Mine did it for about the first 8000 miles. It took the fun away from riding the Low Rider. Then I replaced the front pads with the ebc hh sintered. At the same time I stoned the faying surfaces between disc and hub then torqued the disc bolts. I'm now at 15000 miles, no more French horn coming to a stop.
This is interesting, Toz. Do you mean that you removed the disc, honed the points where the disc meets the hub, reinstalled and that cured the problem? If so, it sounds like a simple enough thing to try.
I got the "brake dust" story last week at my 1k inspection and service--total BS. Every time Harley has a problem with their bikes, they develop a story for the dealers' service departments to put out. This problem and too many other ones are typical for a company taken over and run by MBAs, corporate accountants and finance people, and, of course, the lawyers. The US is in one of its longest running economic expansion, and people who are prime motorcycle buyers should be rushing to dealers. The are not. HD isn't meeting sales expectations, and the reason is that word is getting around about too many problems and the attitude at the large corporate dealerships that HD is encouraging.
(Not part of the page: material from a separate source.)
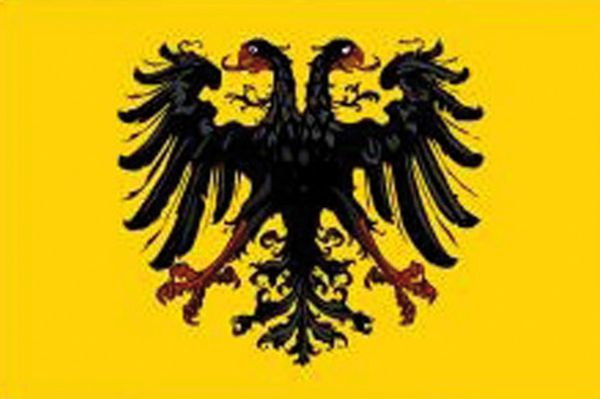 Heiliges Römisches Reich Deutscher Nation ab 1401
Last edited by Las Vegas Jim; Sep 3, 2019 at 06:03 PM.
This is interesting, Toz. Do you mean that you removed the disc, honed the points where the disc meets the hub, reinstalled and that cured the problem? If so, it sounds like a simple enough thing to try.
Yep! I also installed the ebc hh sintered which are similar to stock, if I recall the stock pads may even have had an hh stamped in the number. Unfortunately, I made both changes at once. But I think it was the way the disc wasn't making full contact with the hub that caused it to sing so loudly. It was not the more common screechy scrapy brake noise, but the full flugelhorn treat! Anyway, I've been 7500 miles of totally awesome and quiet braking since the changes.
Yep! I also installed the ebc hh sintered which are similar to stock, if I recall the stock pads may even have had an hh stamped in the number. Unfortunately, I made both changes at once. But I think it was the way the disc wasn't making full contact with the hub that caused it to sing so loudly. It was not the more common screechy scrapy brake noise, but the full flugelhorn treat! Anyway, I've been 7500 miles of totally awesome and quiet braking since the changes.
I think the easiest thing to try will be to remove the brake disc bolts, rotate the disc by one or two bolt holes (for grins), reinstall the brake disc bolts with fresh loctite and re-torque in a star pattern. I'll give that a go this weekend and report back.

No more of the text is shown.